G 1/03 - "Disclaimer" - Entscheidung
In dieser zweiten und abschließenden Folge sprechen Lukas Fleischer und Michael Stadler über die verbundenen Entscheidungen G 1/03 und G 2/03 der Großen Beschwerdekammer des Europäischen Patentamts aus dem Jahr 2004, wobei diese Episode die Leitsätze in Zusammenhang mit der Einführung von nicht ursprungsoffenbarten Disclaimern und die Auflösung der Ausgangsfälle behandelt. Auch diskutiert werden die unterschiedlichen Herangehensweisen in Zusammenhang mit der Abgrenzung von älteren Rechten, nämlich dem vom EPA nunmehr praktizierten Whole-Content-Approach und dem Prior-Claim-Approach.
Zusammenfassung
Die Große Beschwerdekammer kam zu dem Schluss, dass nicht ursprungoffenbarte (undisclosed) Disclaimer grundsätzlich möglich sind. Disclaimer kann man aus drei Gründen eingeführt werden, nämlich
- um Neuheit gegenüber einem älteren Recht herzustellen,
- um Neuheit gegenüber einer zufälligen Vorveröffentlichung herzustellen, und
- um Gegenstände auszuklammern, die aus nichttechnischen Gründen vom Patentschutz ausgeschlossen sind.

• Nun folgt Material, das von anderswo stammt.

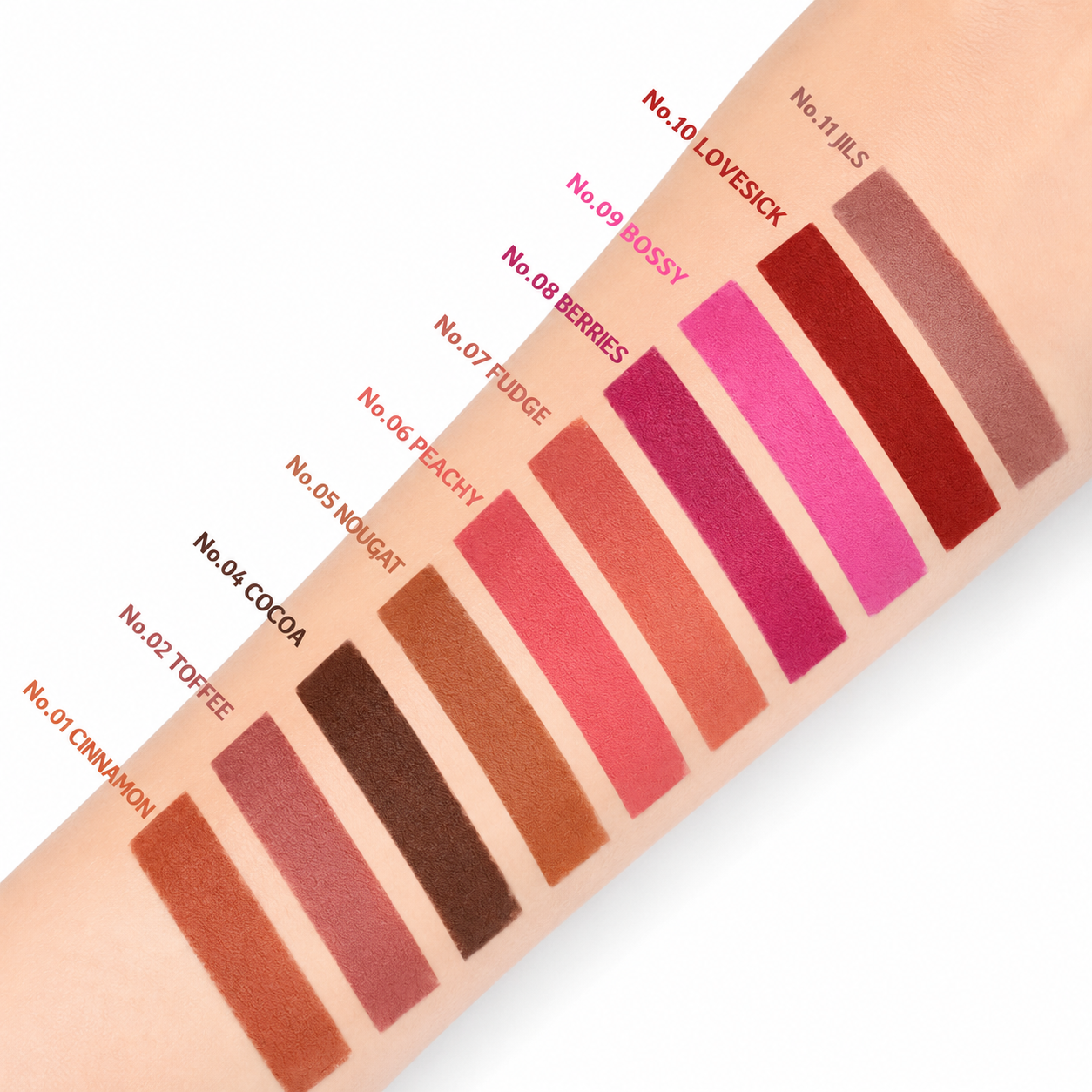 Lip Contour Scriber no. 04 COCOA - Image 3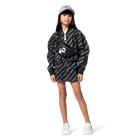 Casquette r&eacute;glable avec badge KARL LAGERFELD KIDS 
                    FILLE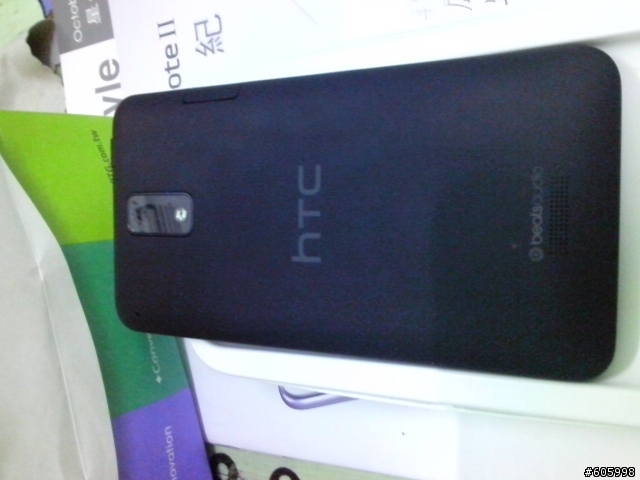 htc j低調黑~個人首次開箱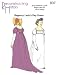 1790 -1810 Regency Morning Dress Pattern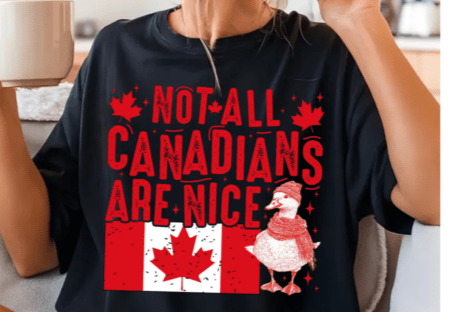 Not all Canadians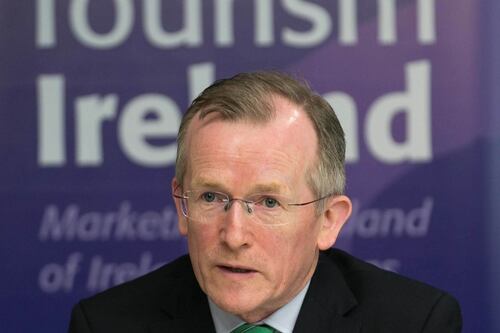 Economic uncertainty blamed for fall-off in tourism spend in Ireland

Unter einer zufälligen Veröffentlichung versteht man eine Veröffentlichung, die so unerheblich für die beanspruchte Erfindung ist und so weitab von ihr liegt, dass sie der Fachmann bei der Erfindung nicht berücksichtigt hätte, jedoch kommt dies in der Praxis äußerst selten vor.
Ein Disclaimer darf weiters nicht mehr ausschließen als unbedingt erforderlich und muss klar sein.
Ausgang der Vorlagefälle:
Im ersten Vorlagefall (beschichtetes Glassubstrat) wurde die Zufälligkeit des Stand der Technik Dokuments verneint, sodass kein Disclaimer zulässig war. Die Patentinhaberin musste auf eine herkömmliche Einschränkung zurückgreifen und Schichtzusammensetzungen aus dem Anspruch streichen, konnte so aber das Patent in beschränktem Umfang - aber ohne Disclaimer - verteidigen.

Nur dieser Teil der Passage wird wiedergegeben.